Moreover, the deregulation and profit-maximisation nature of the “prosperity” components of the SPP will only exacerbate conflicts of this nature in Mexico. The push for greater access for transnational corporations to land and natural resources and the lack of consultation with the local population for “development” projects is a pattern that will continue under the present regime. There are several examples of recurrent violations of economic, social and cultural rights of the population to give way to private projects where the military presence is imminent. Equipping the military for the struggle against drug trafficking is increasingly seen in Mexico as pretext within the growing tendency to label protesters and social activists as delinquents. The criminalisation of social protest and the growing militarisation of civilian life so that it is the military that confronts protests and social discontent are marking a very dangerous path for the future of Mexico.

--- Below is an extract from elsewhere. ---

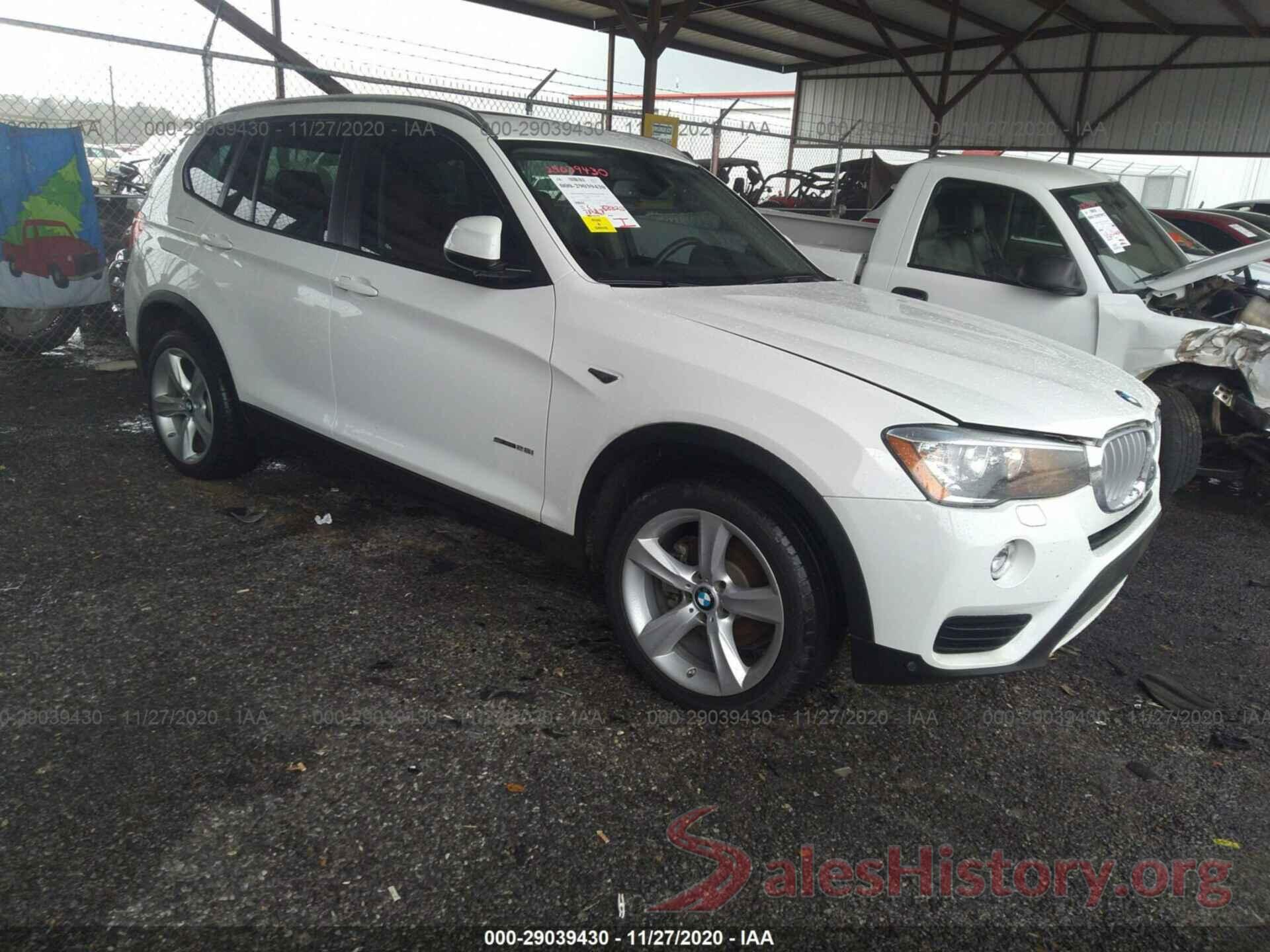 5UXWZ7C32H0V92669 2017 BMW X3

International co-operation for combating drug trafficking in Mexico is necessary but it should be focused on structural reforms to the police and judicial systems and include full observance of human rights and civil society participation. Therefore, future years of the Merida Initiative should not include support for the military, nor additional equipment and hardware, but rather focus on co-operation mechanisms that strengthen Mexico’s efforts to increase the accountability and professionalisation of its law enforcement institutions, combat corruption and assist in the implementation of reforms to Mexico’s judicial institutions.

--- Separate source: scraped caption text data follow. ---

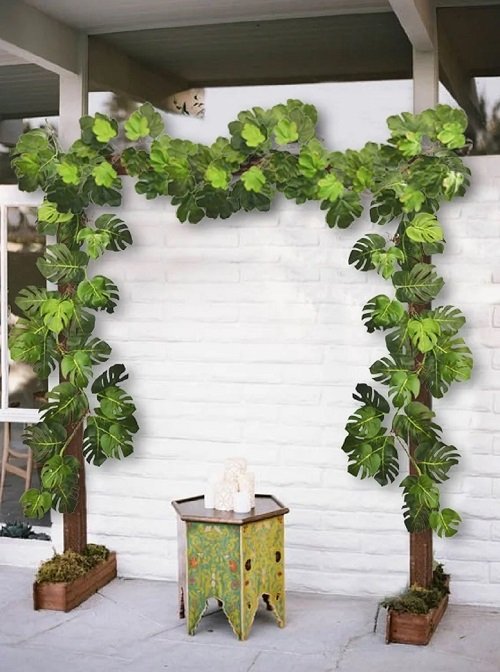 Hanging Indoor Vines as a Garland Ideas 15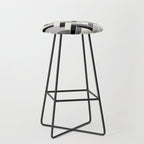 Black Gray Ivory Herringbone Pattern Pairs Valspar 2023 COTY Cozy White 3008-10C Stool Gallery Image 1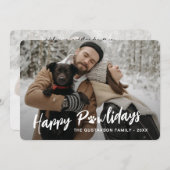 トレンディーファミリー写真（ペットポープリント付き） シーズンカード (正面/裏面)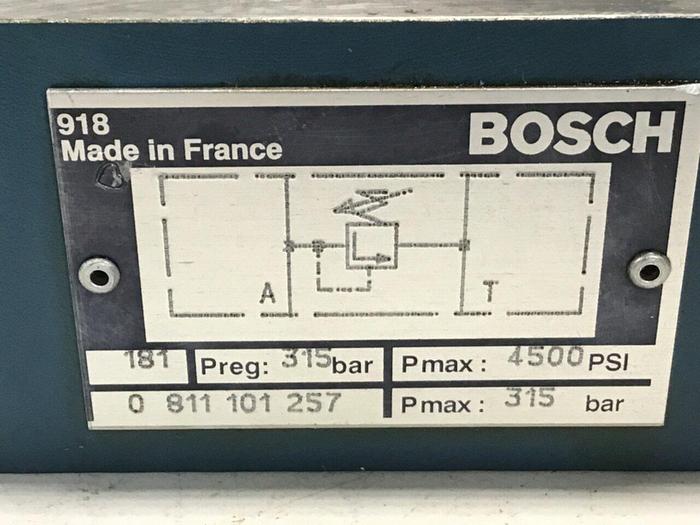 Used BOSCH Valve 0 811 101 257 #144664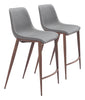 Magnus Counter Stool (Set of 2) Slate Gray & Walnut - Cozy Roots Decor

Likewise, structural economic changes that help Mexicans maintain their livelihoods through licit activities are urgent. Deregulation policies and free trade agreements have given a hand to abusive processes for the appropriation and privatisation of communal lands and territories causing massive displacement and unemployment, which provoke social unrest that is unduly met by the government with military-dominant forces. Also, massive economic and social dislocation serves the narcoeconomy.
On the part of the United States, although President Obama has expressed support for the Merida Initiative, he has also stated that more attention needs to be given in the US to issues of domestic drug consumption and several members of Congress are also interested in beginning a debate on US drug policy. Likewise, there are initiatives in Congress that, if passed, would address some deficiencies in US gun laws and enhance enforcement efforts for illicit gun sales. As the new administration and Congress move forward we will be able to see whether future US-Mexico anti-drug co-operation may be shifting in the right direction.
Moreover, the undemocratic and corporate - led Security and Prosperity Partnership of North America (SPP) should be stopped because it excludes Congressional oversight, lacks any consultation with civil society, leads to further deregulation that benefits only corporations and has increased militarisation and violation of civil liberties.